Categories: Open Source privacy

User Data & You: Privacy for Programmers

This was originally posted as a guest post on January 31t 2014. Since then, it has been requested that I post under my own name.

Introduction

I am a Firefox Engineer at Mozilla. I have worked on Desktop Firefox, Firefox for Android, and Firefox Sync. I currently work on Firefox for Windows 8 Touch, (née Firefox Metro). I also serve on Mozilla’s Privacy Council.

On Data Privacy Day, I presented a perspective on what we can do differently. My primary audience is fellow engineers or those engaged in engineering related activities. When I say ‘we’ I am largely referring to engineering as group. The remainder of this post is a written expansion on the presentation. The Air Mozilla recording is available here.

Goal

My goal is to start a public discussion about what engineers need to know about user privacy. Eventually the result of this discussion will evolve into a short training or set of best practices so engineers can ship better code with less hassle. Since this is the start of a public discussion, the content below will probably raise more questions than answers.

There be scaly dragons. Ye have been warned.

Privacy? That Word is so Overused. What is it Exactly & Why do I Care?

Privacy is a culturally laden word and definitions vary widely. Privacy means different things to different people at different times, even within the nascent field of privacy engineering. So for sanity’s sake, the following are my table stakes definitions.

Privacy: How & by whom the personal information of an individual is managed with respect to other individuals.

User Data: Any data related to users that they generate or cause to be generated; or that we generate, collect, store, have custody and control over, transfer, process, or hold interest in.

Why do we care? The reason Mozilla exists is to defend and promote the open web. Firefox & FirefoxOS are great products but they are not the raison d’être outlined in the Manifesto; they are means to an end. The Mozilla Manifesto declares that for a healthy web, users must be able to shape their own experiences on it. Ain’t nothing shapes your experience online more than than the data generated for, by, and about you. Whoever controls that controls your experience on the web. So our goal of the open web is directly linked to individuals ability to control that for themselves.

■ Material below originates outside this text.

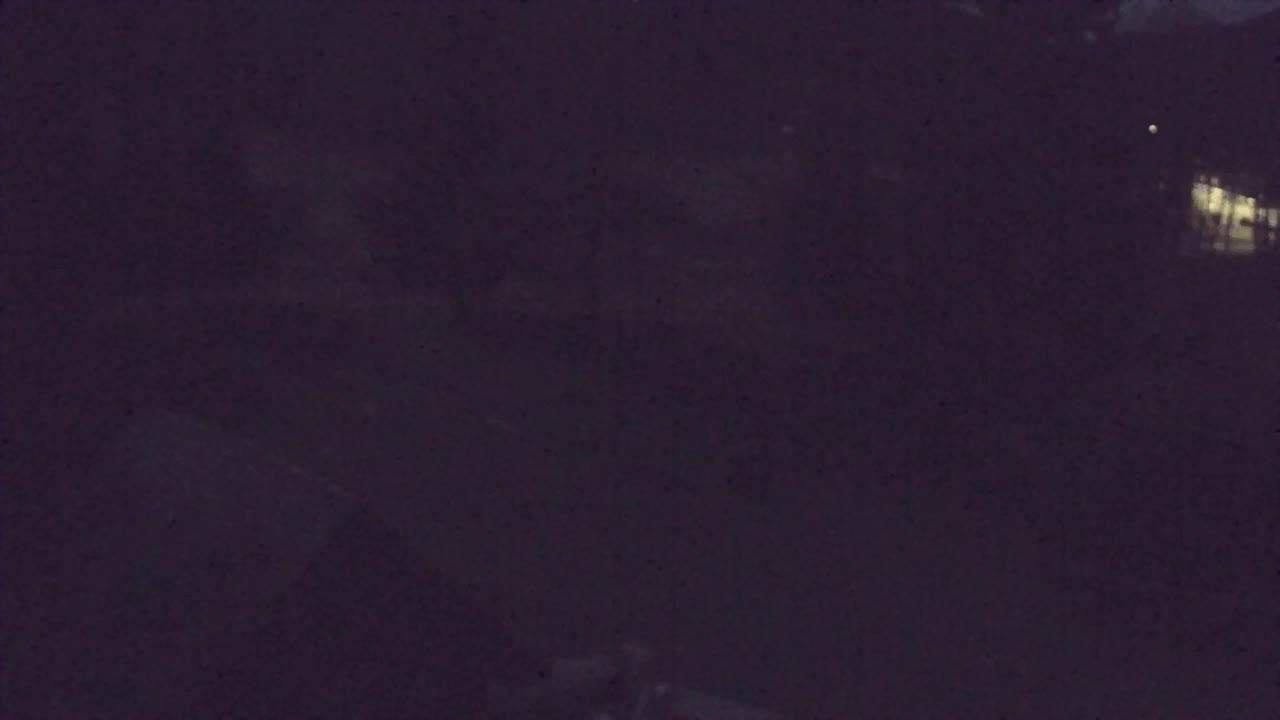 Webcam Loqua / Lokve – La bellezza della selva di Tarnova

Acknowledging the Elephant in the Room

Let’s start by acknowledging the elephant in the room: whether or not Mozilla products should even handle user data. That would be a rich discussion on its own. This is not that discussion. This discussion assumes we’re going to handle user data. Regardless of your views, let’s agree that there are some things we will need to do differently when we choose to handle user data. Let’s figure out what those are.

Ok, So We Care; There’s Another Team at Mozilla for That.

There is a misconception I run into often that I’d like to clear up. Data safety & user privacy is everyone’s job, but especially an engineer’s job. At the end of the day, engineers make the sausage. No one has more leverage over what gets written than the engineer implementing it. The privacy team is here to help, but there are three of them and hundreds of us. The duty is really on us not them. Whether our code is fast, correct, elegant, secure, and meets Mozilla’s standards is chiefly our responsibility.

Ok, So it’s Kinda My Job. What do I Need to Think About or do Now?

I have good news & bad news. The good news is that it boils down to writing more stuff down & making more decisions upfront. Stated more formally:

  • More active transparency (writing more stuff down)
  • More proactive planning (making more decisions up front)

Sounds simple eh? Seasoned engineers should feel their spider sense tingling. It’s not miscalibrated. That’s the bad news. It’s how you do it that matters. The devil is in the details. So let’s tackle the easier one first: what I flippantly referred as ‘writing more stuff down’

Active Transparency (aka write more stuff down)

Passive Transparency: unintentional, decisions aren’t actively hidden, but are difficult to locate. May not even be documented

Active Transparency: intentional, everything is written down, easily searchable & locatable by interested parties

If you haven’t heard these terms before, don’t panic. I made them up years ago when I was a volunteer contributor trying to articulate how I was part of an open source project, actively following Bugzilla, but couldn’t figure out what was going on in the /storage module, let alone the rest of the Firefox code base.

Active transparency is functioning transparency. It requires sustained effort. Information, history, and decisions of a feature can be searched for, located, and consumed by all inclined.

Passive transparency is what happens unintentionally. People aren’t trying to hide information from each other. It just happens and no one notices until it is too late to do anything about it.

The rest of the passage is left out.